■ Raw data:
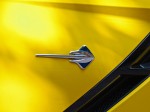 2014-chevy-corvette-c7-stingray-emblem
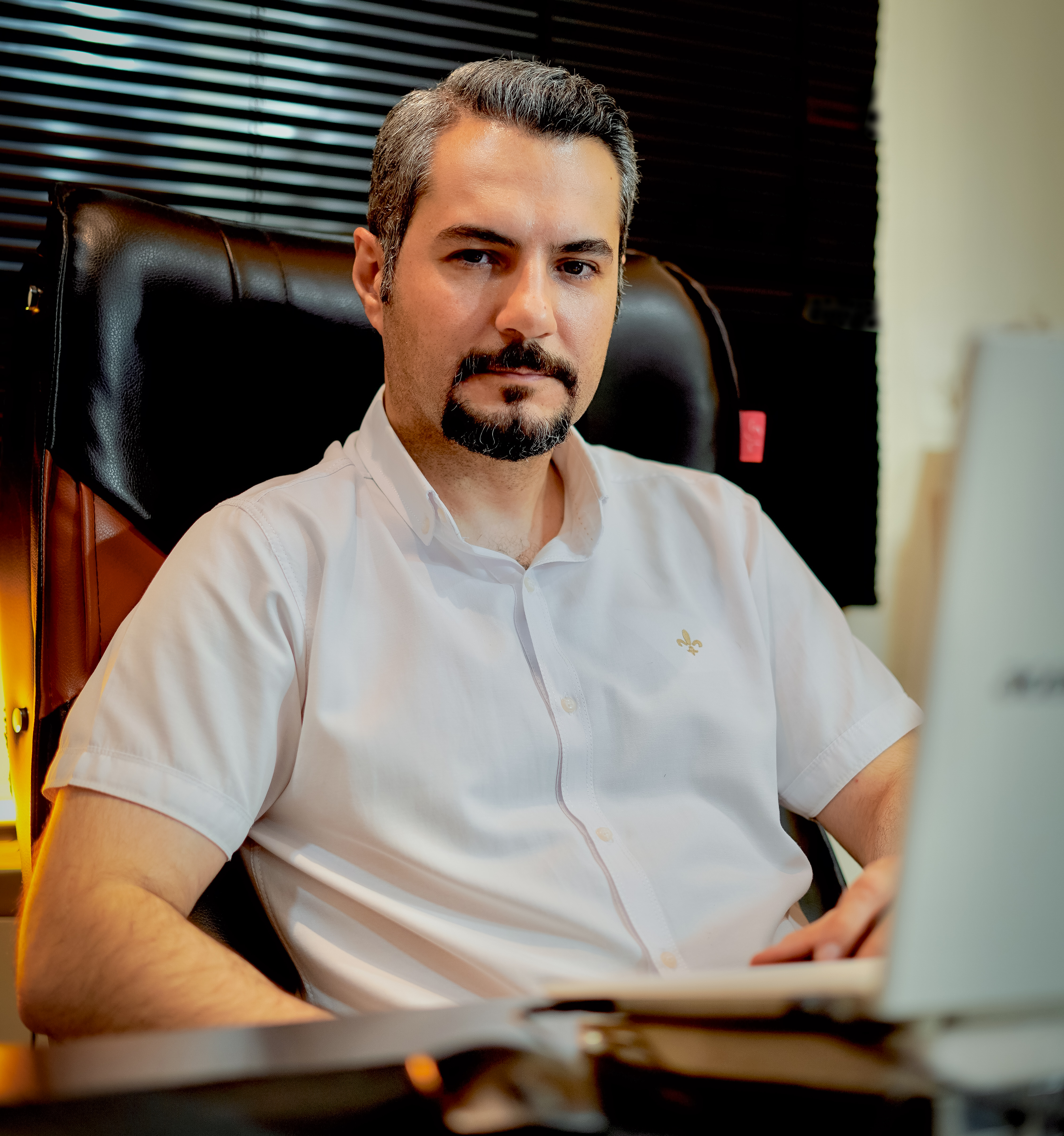 فرید لطفی صدیق مدرس ترکی استانبولی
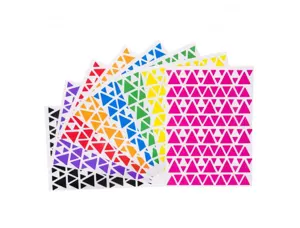 Gommette triangulaire cleopatre multi tailles       adhesif permanent 8 coloris   assortis 2160 gommettes — Non classé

■ Exercise: All the lines above are to be given again exactly as they read, with the pictures removed.

■ Response to this exercise:
 2014-chevy-corvette-c7-stingray-emblem
 فرید لطفی صدیق مدرس ترکی استانبولی
 Gommette triangulaire cleopatre multi tailles       adhesif permanent 8 coloris   assortis 2160 gommettes — Non classé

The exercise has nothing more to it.